---------- Source data ----------

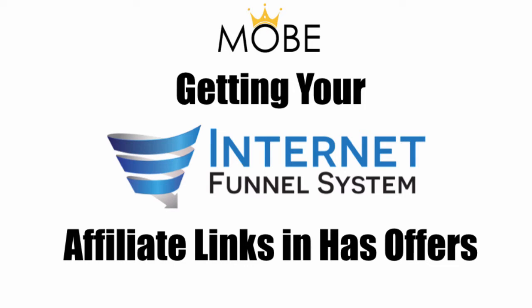Hey there, it's Nate Rio again from Moab. Today I'm going to show you how to obtain your affiliate links for the IFS or Internet Funnel systems.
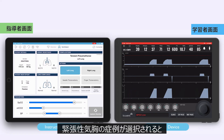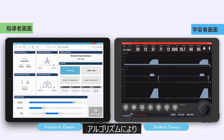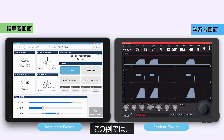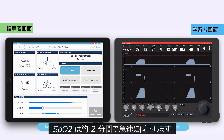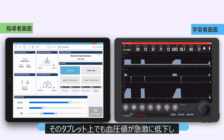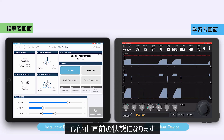Once the tension pneumothorax complication is activated, the algorithm will also lead to immediate changes in SpO2 and blood pressure. In this example, the SpO2 will rapidly fall over the course of approximately two minutes. If there is a third iPad in the system, the measured blood pressure will also rapidly fall to a peri-arrest situation.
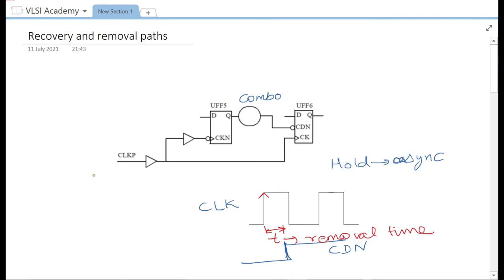Now let us look at recovery time. Removal time is analogous to hold in the asynchronous domain. Similarly, recovery is equivalent to setup for asynchronous signals. By definition, a recovery timing check ensures that there is a minimum amount of time between the asynchronous signal becoming inactive and the next active clock edge. So for CDN, which is active low, there should be a minimum amount of time before the active clock edge occurs.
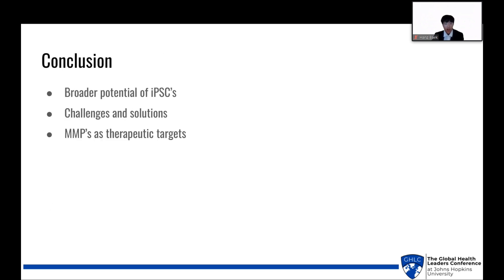In conclusion, iPSCs hold tremendous promise for treating CVD and beyond. The future looks promising as we advance in understanding and mitigating these obstacles. Obviously, there will be many challenges in the future, including the issue of permanent engraftment and tissue rejection. But hopefully, some of my proposed solutions can help counter those issues. Moreover, MMPs like MMP9, 14, and 16 all present exciting therapeutic targets, influencing stem cell differentiation and tissue regeneration.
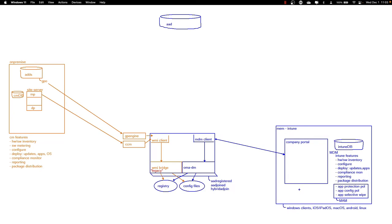Config Manager is different in certain ways — it supports other types of operating systems. In Config Manager, we can manage Windows clients as well as Windows servers, and that is something Intune does not do. Config Manager can manage your servers. There is some macOS management as well, but also a little bit limited. Earlier, Config Manager also supported Linux and Unix management, but Microsoft removed or deprecated that capability.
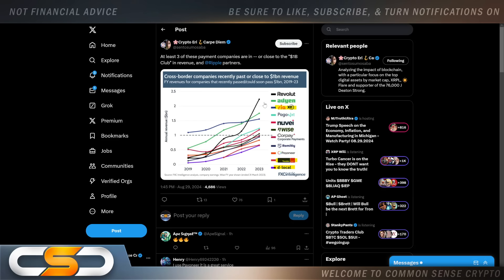But this is how Ripple's technology changes these companies. It gives them the upper hand on the competition. It's going to do the same thing for the banks. All of a sudden, certain banks are really going to push ahead because they're using that RippleNet technology and XRP.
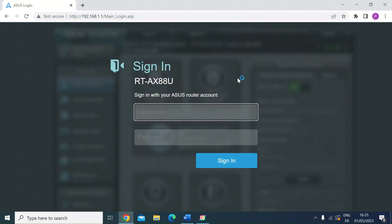Hi everybody, me again. I wanted to do a quick video to show you how to set up a guest network on your Asus router.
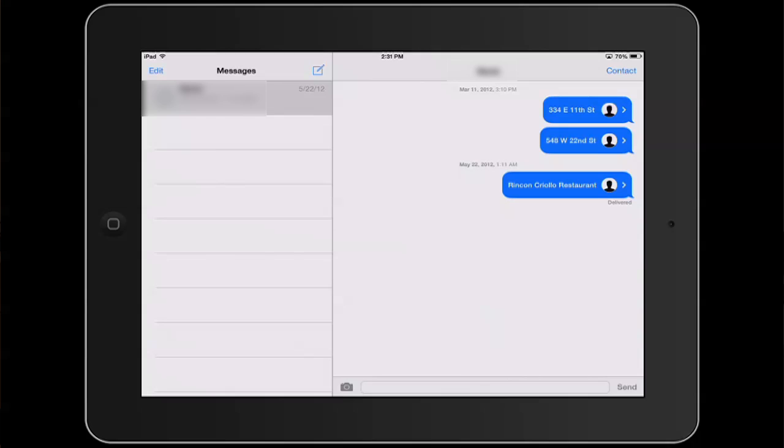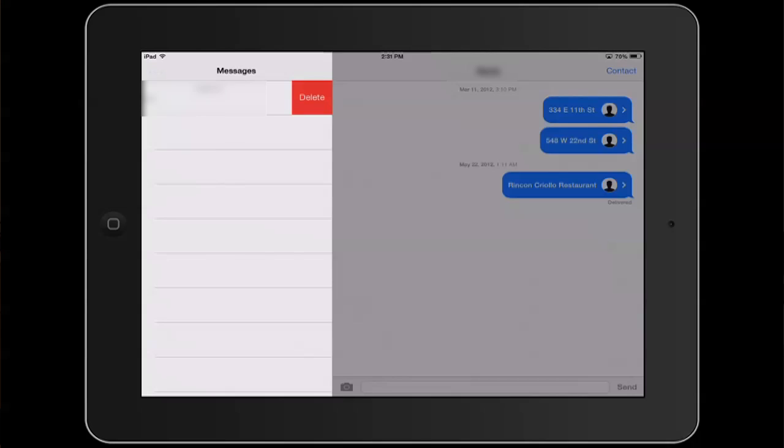Hi, I'm Patrick Cole and I'm here today to talk about getting messages off of your iPad. You may have a bunch of text messages on your iPad that, for whatever reason, you want to get rid of.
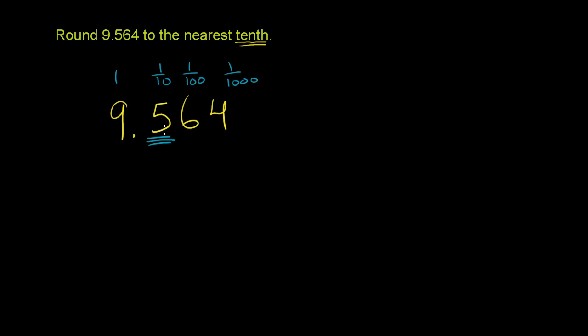So we need to round to the nearest tenth. So if we round up, this will be 9.6. If we round down, this will be 9.5.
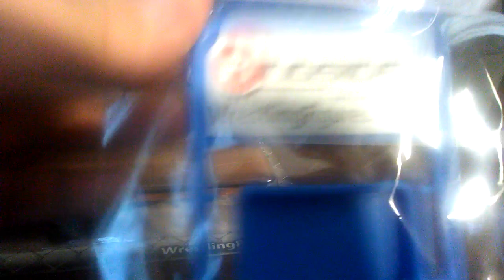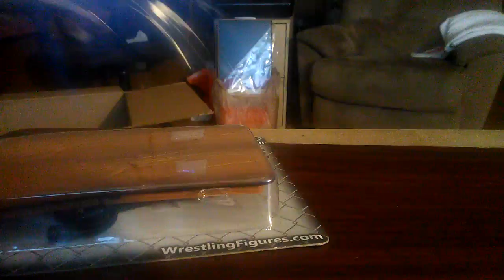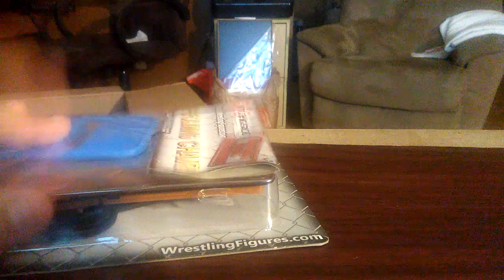Here's a chair, blue chair that I bought. But, it's exclusive because it has the Ringside logo on it. So, there's that.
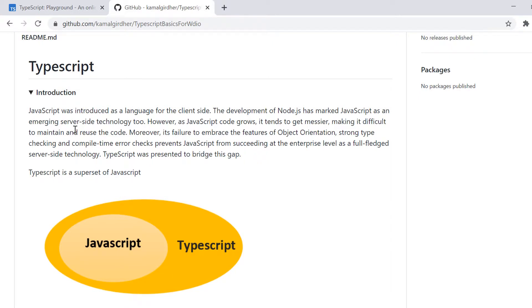So a TypeScript program can contain modules, functions, variables, and we can have classes, objects, we can have statements, expressions, and we can have comments as well.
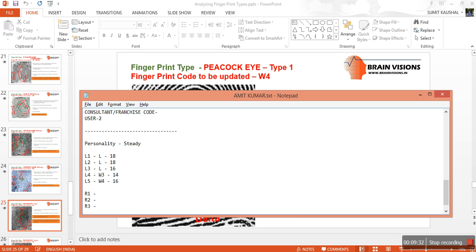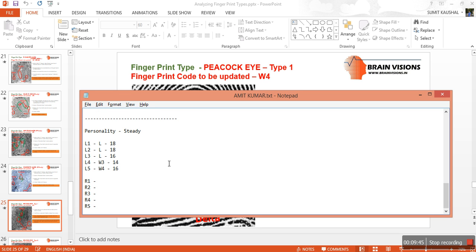The higher value is sixty, so we select W4 as the code and enter sixty as the ridge count. In the same way we will identify the fingerprint code of the right hand, find out the ridge count, and update it in the file. The next step would be the port rotation, for which you can refer to the next tutorial. Thank you.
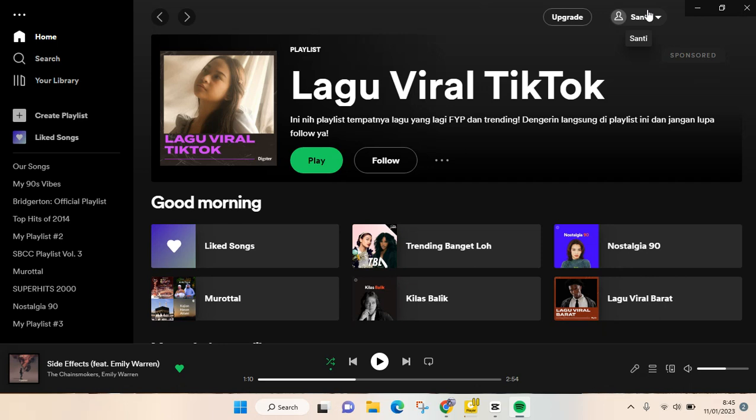Hello everyone, back with me again in this channel. In today's video I'm going to show you how to make a playlist on Spotify without premium. As you guys can see here, I'm not on a premium account.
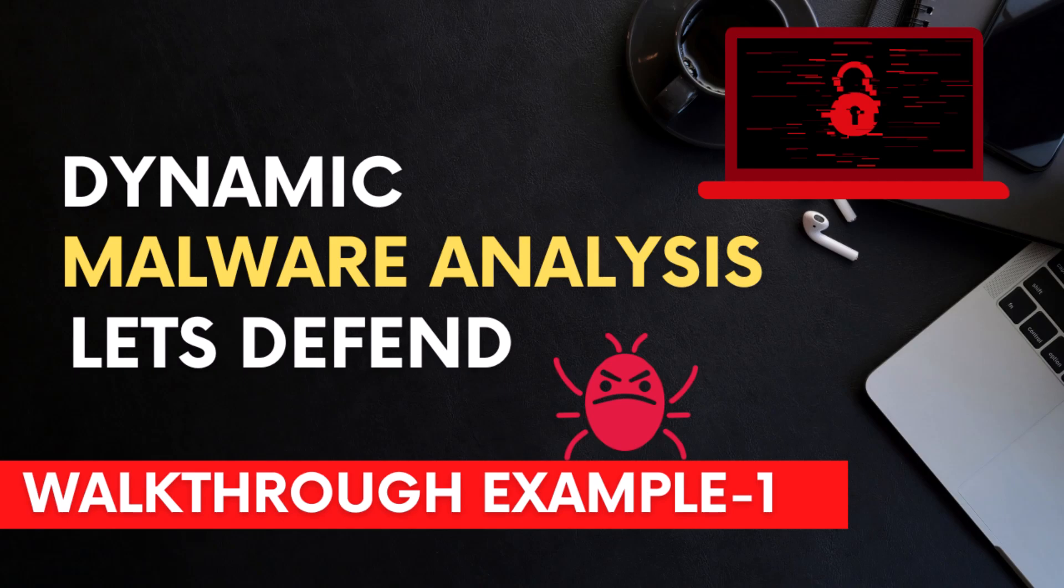In this video, we are going to learn some basic dynamic malware analysis and we are going to solve example 1 on Let's Defend dynamic malware analysis room.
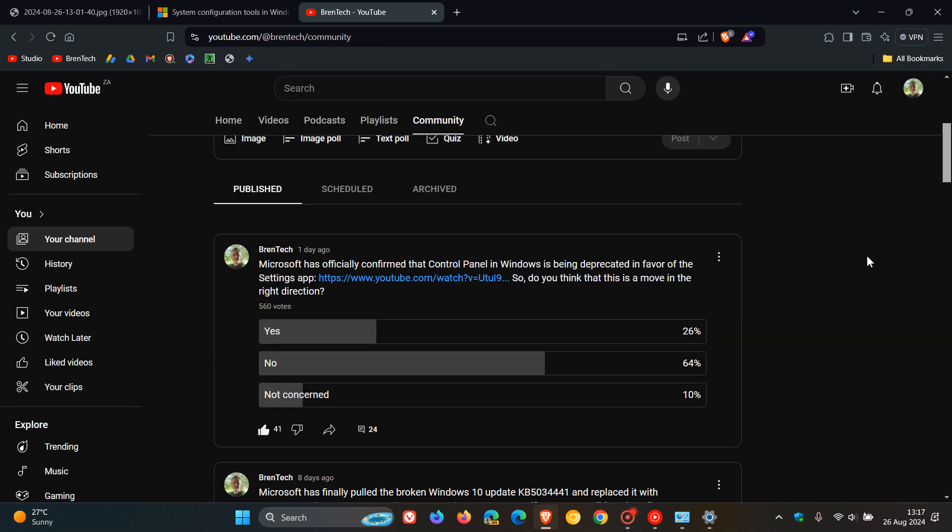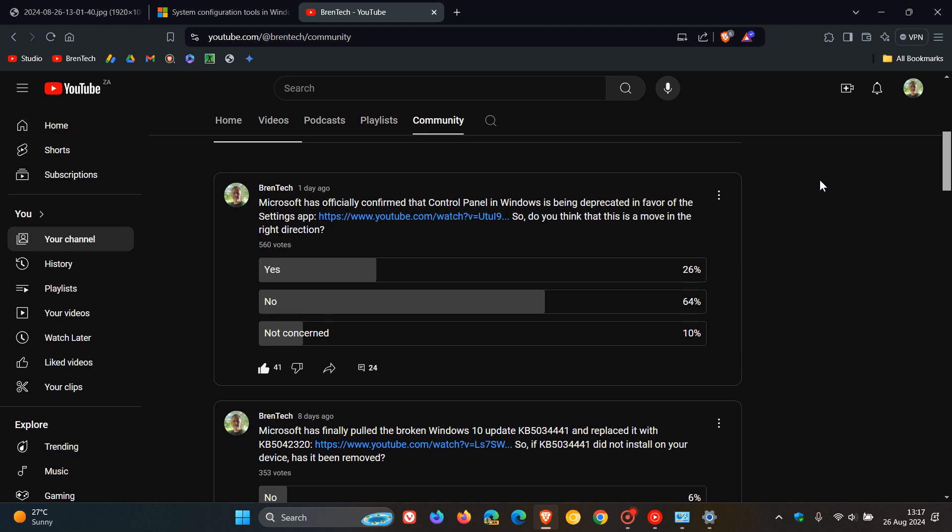This was regarding Microsoft has officially confirmed that Control Panel in Windows has been deprecated in favor of the Settings App. I asked the question, do you think that this is a move in the right direction? And as we can see, out of 560 votes, 64% of you say no, this is not a move in the right direction. And I tend to agree.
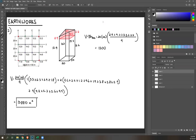The exam also includes some fieldwork topics: determination of height of a variable point, azimuth traverse, and radial traverse.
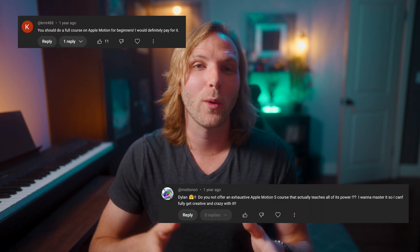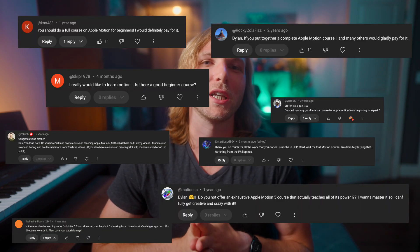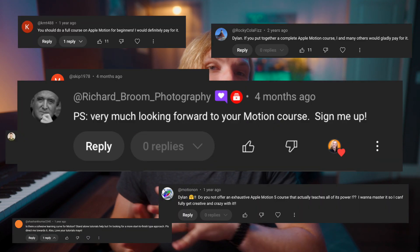Once I started creating more and more Apple Motion tutorials, I kept getting requests for an Apple Motion course — to go from knowing absolutely nothing about Motion all the way to getting yourself to a professional level. Upon hearing that, I thought that's a super good idea. But I started to face my own worst enemy: procrastination.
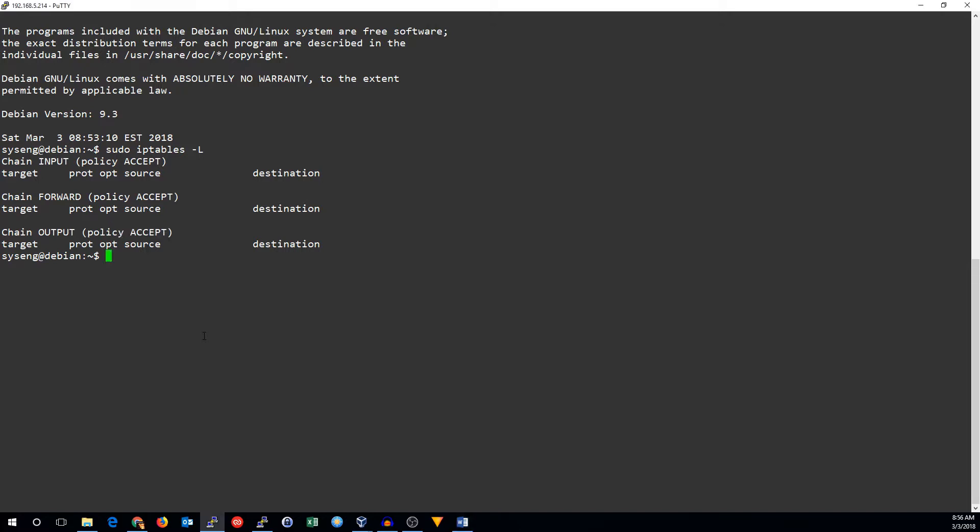So, let's make a couple of quick rules. Let's add a rule to allow all incoming and outgoing traffic and then change the default policy to drop.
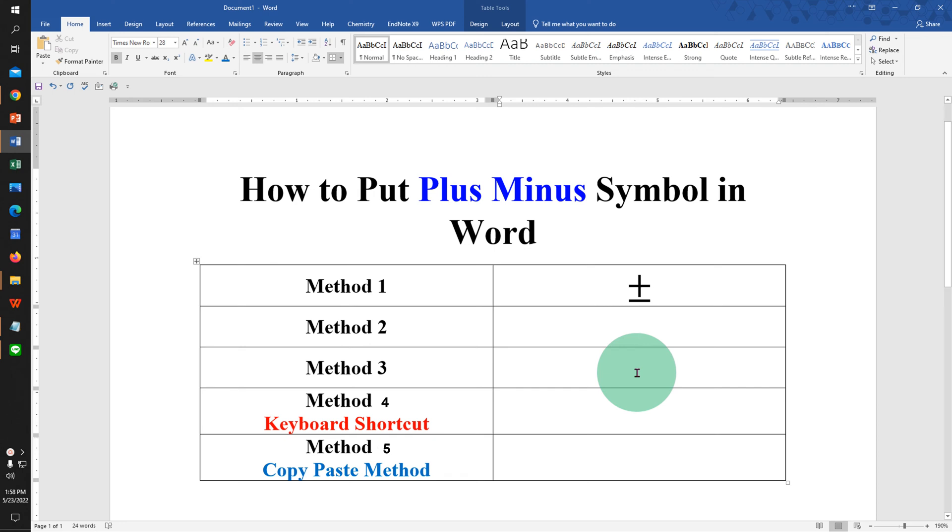In this video, you will see how to put plus minus symbol in a Word document like this.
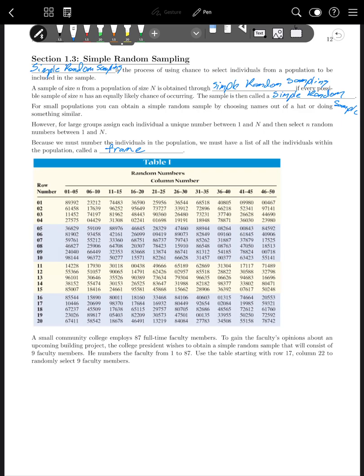So a small community college employs 87 full-time faculty members to gain the faculty's opinions about an upcoming building project. The college president wishes to obtain a simple random sample that will consist of nine faculty members. He numbers the faculty from one to 87 use the table, starting with row 17 column 22 to randomly select nine faculty members.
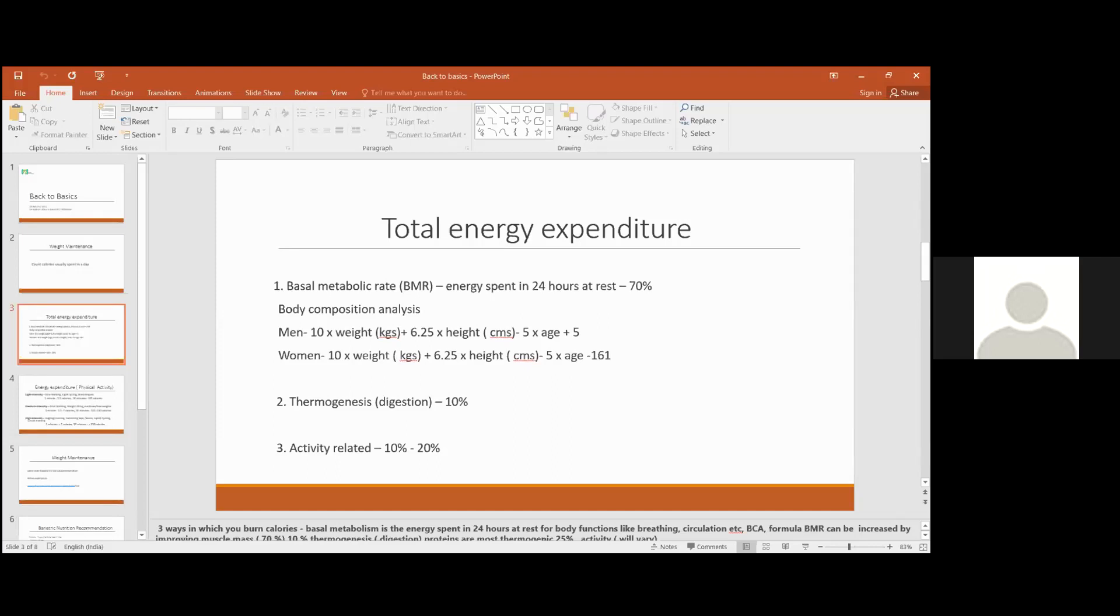I wanted to add that improving your muscle mass with strength training can improve your basal metabolism.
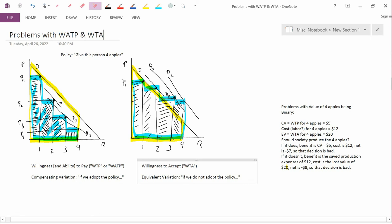We showed in the previous video that consumer surplus is not the correct measure of value. The correct measure of value is actually binary in nature. One aspect is willingness and ability to pay, and the other is willingness to accept.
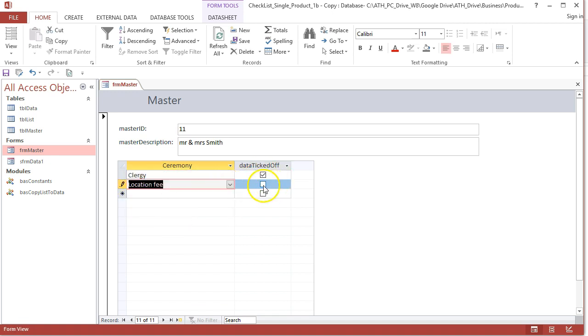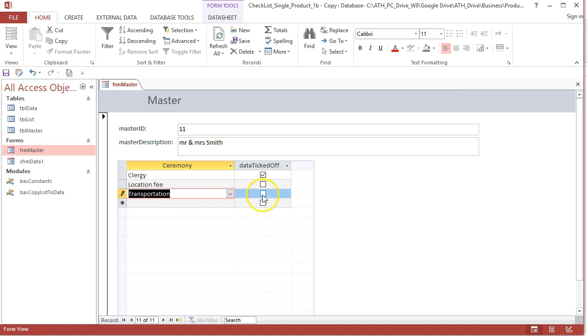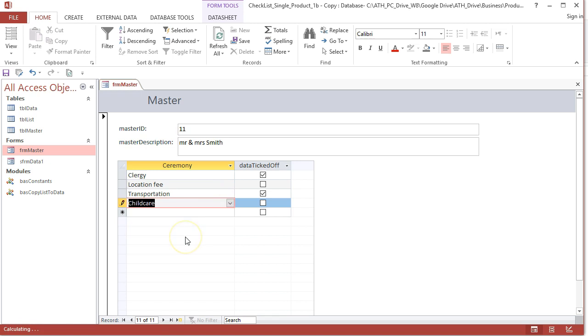You haven't paid the location fee yet. Have you organized transportation? Yes we have. Have we ordered the child care? No we haven't.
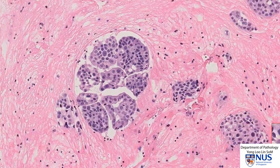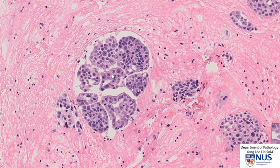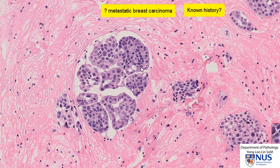This appearance — with the very rounded cell clusters that resemble cannonballs and with many nuclei within each cluster — is very suspicious for metastatic carcinoma. In particular, the cannonball appearance would always make us worry about breast carcinoma. The next step would be to find out the history, and indeed this patient does have a history of breast carcinoma.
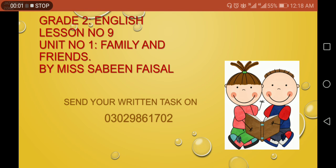Good morning and assalamu alaikum. I am glad that you people are taking interest in your online lessons, and you people are sending me your homeworks. You are doing a very good effort.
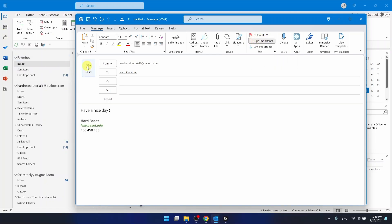I'm not going to send this email because I don't want to, but you just need to select the high importance right here in the text section.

----------

● **Activity**: Above are the records; give them all again exactly, apart from the pictures.

● **Solution for this problem**:
Hey there, it's Nate Rio again from Moab. Today I'm going to show you how to obtain your affiliate links for the IFS or Internet Funnel systems.
Once the tension pneumothorax complication is activated, the algorithm will also lead to immediate changes in SpO2 and blood pressure. In this example, the SpO2 will rapidly fall over the course of approximately two minutes. If there is a third iPad in the system, the measured blood pressure will also rapidly fall to a peri-arrest situation.
Now let us look at recovery time. Removal time is analogous to hold in the asynchronous domain. Similarly, recovery is equivalent to setup for asynchronous signals. By definition, a recovery timing check ensures that there is a minimum amount of time between the asynchronous signal becoming inactive and the next active clock edge. So for CDN, which is active low, there should be a minimum amount of time before the active clock edge occurs.
In conclusion, iPSCs hold tremendous promise for treating CVD and beyond. The future looks promising as we advance in understanding and mitigating these obstacles. Obviously, there will be many challenges in the future, including the issue of permanent engraftment and tissue rejection. But hopefully, some of my proposed solutions can help counter those issues. Moreover, MMPs like MMP9, 14, and 16 all present exciting therapeutic targets, influencing stem cell differentiation and tissue regeneration.
Config Manager is different in certain ways — it supports other types of operating systems. In Config Manager, we can manage Windows clients as well as Windows servers, and that is something Intune does not do. Config Manager can manage your servers. There is some macOS management as well, but also a little bit limited. Earlier, Config Manager also supported Linux and Unix management, but Microsoft removed or deprecated that capability.
But this is how Ripple's technology changes these companies. It gives them the upper hand on the competition. It's going to do the same thing for the banks. All of a sudden, certain banks are really going to push ahead because they're using that RippleNet technology and XRP.
Hi everybody, me again. I wanted to do a quick video to show you how to set up a guest network on your Asus router.
Hi, I'm Patrick Cole and I'm here today to talk about getting messages off of your iPad. You may have a bunch of text messages on your iPad that, for whatever reason, you want to get rid of.
So we need to round to the nearest tenth. So if we round up, this will be 9.6. If we round down, this will be 9.5.
Here's a chair, blue chair that I bought. But, it's exclusive because it has the Ringside logo on it. So, there's that.
So a TypeScript program can contain modules, functions, variables, and we can have classes, objects, we can have statements, expressions, and we can have comments as well.
The higher value is sixty, so we select W4 as the code and enter sixty as the ridge count. In the same way we will identify the fingerprint code of the right hand, find out the ridge count, and update it in the file. The next step would be the port rotation, for which you can refer to the next tutorial. Thank you.
Hello everyone, back with me again in this channel. In today's video I'm going to show you how to make a playlist on Spotify without premium. As you guys can see here, I'm not on a premium account.
In this video, we are going to learn some basic dynamic malware analysis and we are going to solve example 1 on Let's Defend dynamic malware analysis room.
This was regarding Microsoft has officially confirmed that Control Panel in Windows has been deprecated in favor of the Settings App. I asked the question, do you think that this is a move in the right direction? And as we can see, out of 560 votes, 64% of you say no, this is not a move in the right direction. And I tend to agree.
The exam also includes some fieldwork topics: determination of height of a variable point, azimuth traverse, and radial traverse.
Once I started creating more and more Apple Motion tutorials, I kept getting requests for an Apple Motion course — to go from knowing absolutely nothing about Motion all the way to getting yourself to a professional level. Upon hearing that, I thought that's a super good idea. But I started to face my own worst enemy: procrastination.
So, let's make a couple of quick rules. Let's add a rule to allow all incoming and outgoing traffic and then change the default policy to drop.
In this video, you will see how to put plus minus symbol in a Word document like this.
So a small community college employs 87 full-time faculty members to gain the faculty's opinions about an upcoming building project. The college president wishes to obtain a simple random sample that will consist of nine faculty members. He numbers the faculty from one to 87 use the table, starting with row 17 column 22 to randomly select nine faculty members.
I wanted to add that improving your muscle mass with strength training can improve your basal metabolism.
We showed in the previous video that consumer surplus is not the correct measure of value. The correct measure of value is actually binary in nature. One aspect is willingness and ability to pay, and the other is willingness to accept.
You haven't paid the location fee yet. Have you organized transportation? Yes we have. Have we ordered the child care? No we haven't.
This appearance — with the very rounded cell clusters that resemble cannonballs and with many nuclei within each cluster — is very suspicious for metastatic carcinoma. In particular, the cannonball appearance would always make us worry about breast carcinoma. The next step would be to find out the history, and indeed this patient does have a history of breast carcinoma.
Good morning and assalamu alaikum. I am glad that you people are taking interest in your online lessons, and you people are sending me your homeworks. You are doing a very good effort.
I'm not going to send this email because I don't want to, but you just need to select the high importance right here in the text section.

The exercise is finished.